OpenClaw (formerly known as Moltbot and Clawdbot) has recently announced a strategic partnership with VirusTotal, a subsidiary of Google, to enhance the security of the agentic ecosystem. This collaboration aims to scan all skills uploaded to ClawHub, OpenClaw’s skill marketplace, using VirusTotal’s threat intelligence and Code Insight capability.
According to OpenClaw’s founders Peter Steinberger, Jamieson O’Reilly, and Bernardo Quintero, every skill published on ClawHub undergoes a thorough scan using VirusTotal’s technology. This process involves creating a unique SHA-256 hash for each skill and cross-referencing it with VirusTotal’s database. Skills with a “benign” Code Insight verdict are approved, while suspicious ones are flagged for further analysis. Malicious skills are promptly blocked from download.
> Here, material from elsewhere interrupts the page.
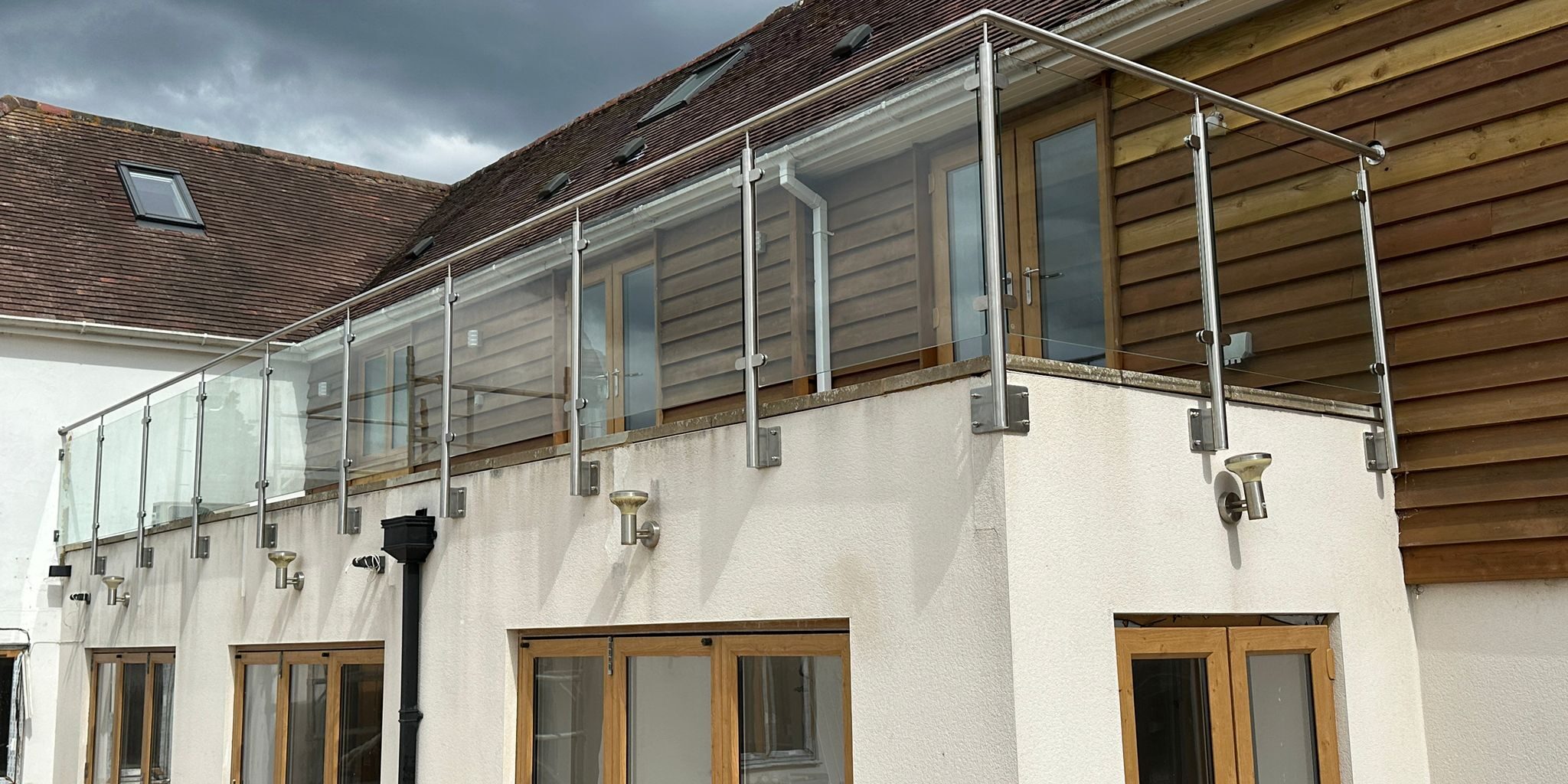 WhatsApp Image 2025-07-24 at 09.34.54_57e2334d side-fix stainless steel and glass balustrade on terrace edge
It’s important to note that while VirusTotal scanning adds an extra layer of security, it’s not foolproof. Some malicious skills may still slip through undetected, especially those utilizing sophisticated prompt injection techniques.
In addition to the VirusTotal partnership, OpenClaw is set to release a comprehensive threat model, security roadmap, reporting process, and details of its security audit. This initiative follows reports of malicious skills on ClawHub, prompting the platform to introduce a reporting feature for users to flag suspicious content.
The growing popularity of OpenClaw and its associated social network, Moltbook, has raised concerns about security risks. These AI agents, designed to streamline tasks and interact with various services, can inadvertently expose users to malware and prompt injection attacks due to their broad access and data processing capabilities.
Several security issues have been identified in OpenClaw, including misclassified traffic, insecure coding practices, and vulnerabilities leading to remote code execution. These flaws underscore the need for robust security measures to mitigate the risks posed by AI agents and their integrations.
The collaboration with VirusTotal and the forthcoming security enhancements demonstrate OpenClaw’s commitment to safeguarding its community against malicious threats. By proactively addressing security vulnerabilities and promoting transparency, OpenClaw aims to create a safer environment for users to leverage AI capabilities effectively.